"Ah, be damned to her!" he snapped viciously. "The whole thing can go to the de'il. It's a dog's life, that's what it is, and I 'm through. Ay, I am so."
For a year he wandered across Europe, and to and fro in it. He saw Denmark and Jutland, and though he had sworn good-by to linen, he could not help examining the quality of the flax grown there, and he did n't think much of it—as no good Belfast man should. He visited Holland and approved the industrious population, but adjudged them "o'er pleased wi' themsel's." Paris he knew before, but it palled on him now. One of his old dreams had been to go there with Jeanie Lindsay. "It's kind o' empty," he thought. England rather irritated him. People there, knowing he came from Ireland, wished to know what he thought of Home Rule and were shocked when they heard it. He went north to Scotland for golf, and the flat Scot accent made him homesick for Belfast.
"I think I 'll just run over to see how the old town 's getting on." The truth was, though he would n't acknowledge it to himself, he wanted to get news of Jeanie Lindsay.
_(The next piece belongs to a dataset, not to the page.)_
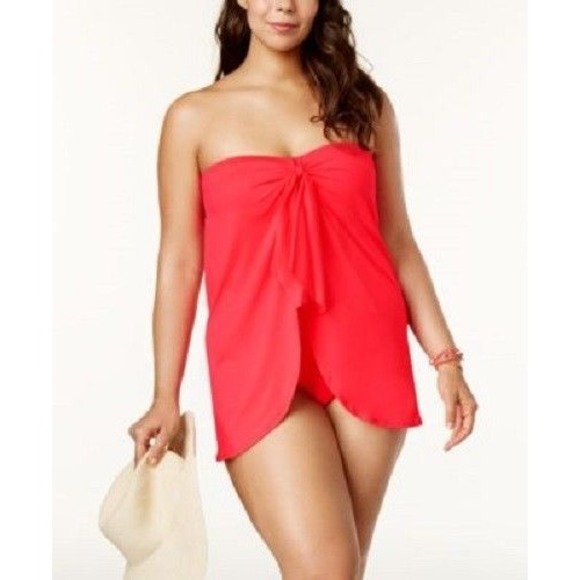 Ralph Lauren Other - NEW Ralph Lauren NCR Coral Flyaway Bandeau One piece swimsuit size 8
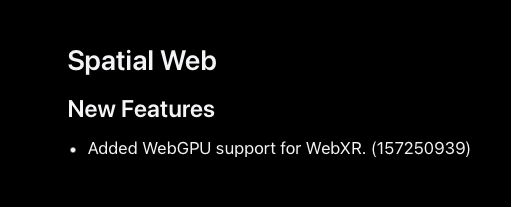 praeclarum's tweet image. This is really exciting. Now visionOS 26.2 can run WebXR apps that use WebGPU rendering. Bye bye OpenGL, thanks for all the fish. developer.apple.com/documentation/…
How was she? And was she the same as ever? And was she—the thought stabbed him strangely—laughing her slow laugh and looking her calm look for some other than he?
News he got of her quickly and with a vengeance. Going across Donegal Place he was tapped on the arm.
"I 'd like a wee word wi' you, Mr. Aleck Robertson."
He saw beside him a compact figure with a set jaw and savage eyes. He was mostly cognizant of the eyes. They blazed at him with unconcealed hatred.
"And who may you be?"
"You 'll know me fine afore I 'm through with you, Aleck Robertson. I 'm Tom Lindsay, Jeanie Lindsay's brother."
Robertson forgot the eyes in the question that jumped to his lips. He held out his hand.
"I ha'e heard her speak o' you. You 're the one that went to Newcastle, to the shipbuilding. And how 's Jean?"